Lets start with where things went wrong:
You did not backup your disk (which is /dev/sda).
You only backed-up a single partition.
In ASCII graphics:
-------------------- whole disk sda --------------------------
[MBR] [partition sda1] [possible second partition sda2] ...
Your dd command told the computer to only backup the partition /dev/sda1.
But now you are telling fdisk to look for the MBR, which is not in /dev/sda1 and thus was not backupped.
In short, fdisk is correct 'chromi.img doesn't contain a valid partition table'.
Now trying to fix this:
What is your goal:
- Copying the old image back over the existing partition?
- or is it reading old data from the backup?
To copy things back you could boot from something, get access to your image (wherever it is.

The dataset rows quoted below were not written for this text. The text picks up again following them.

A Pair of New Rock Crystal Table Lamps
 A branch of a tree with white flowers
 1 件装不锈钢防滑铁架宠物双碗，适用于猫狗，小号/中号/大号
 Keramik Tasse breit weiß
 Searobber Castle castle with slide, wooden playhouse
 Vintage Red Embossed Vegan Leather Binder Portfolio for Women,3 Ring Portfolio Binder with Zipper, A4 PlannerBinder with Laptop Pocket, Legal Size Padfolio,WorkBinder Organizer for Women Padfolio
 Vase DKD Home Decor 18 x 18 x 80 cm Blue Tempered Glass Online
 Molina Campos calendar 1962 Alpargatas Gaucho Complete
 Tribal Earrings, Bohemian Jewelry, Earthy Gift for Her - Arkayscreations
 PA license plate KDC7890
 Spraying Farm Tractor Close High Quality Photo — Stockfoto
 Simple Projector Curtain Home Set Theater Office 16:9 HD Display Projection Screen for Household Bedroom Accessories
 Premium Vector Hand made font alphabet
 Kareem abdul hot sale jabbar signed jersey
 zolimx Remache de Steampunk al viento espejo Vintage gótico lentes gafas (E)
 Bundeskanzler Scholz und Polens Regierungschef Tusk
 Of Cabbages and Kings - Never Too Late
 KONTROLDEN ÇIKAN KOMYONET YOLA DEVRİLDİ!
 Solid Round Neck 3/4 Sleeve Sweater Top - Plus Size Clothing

I assume you stored it somewhere on an external HDD or on an SDcard) and reverse the dd command to restore to the situation before the backup.
dd of=/dev/sda1 if=/path/to/image
To mount the filesystem (and not the whole disk) in the image you would:
- Create a loopback device (e.g.
losetup -d /dev/loop0
)
- And tell it to use the image (
losetup /dev/loop0 /path/to/image
)
- You could then mount the loopback device just as a regular device. (e.g. mount /dev/loop0 /mnt`)
For future reference (and other readers with similar problems):
What you probably wanted to do is to backup the whole disk including boot record, all partitions and empty space. To do that you would use /dev/sda (without partition number). And you might want to pile that though gzip and or netcat.
Accesing filesystems in on such a whole disk backup is possible by using an offset (e.g. losetup /dev/loop0 disk.img -o NUMBER_HERE)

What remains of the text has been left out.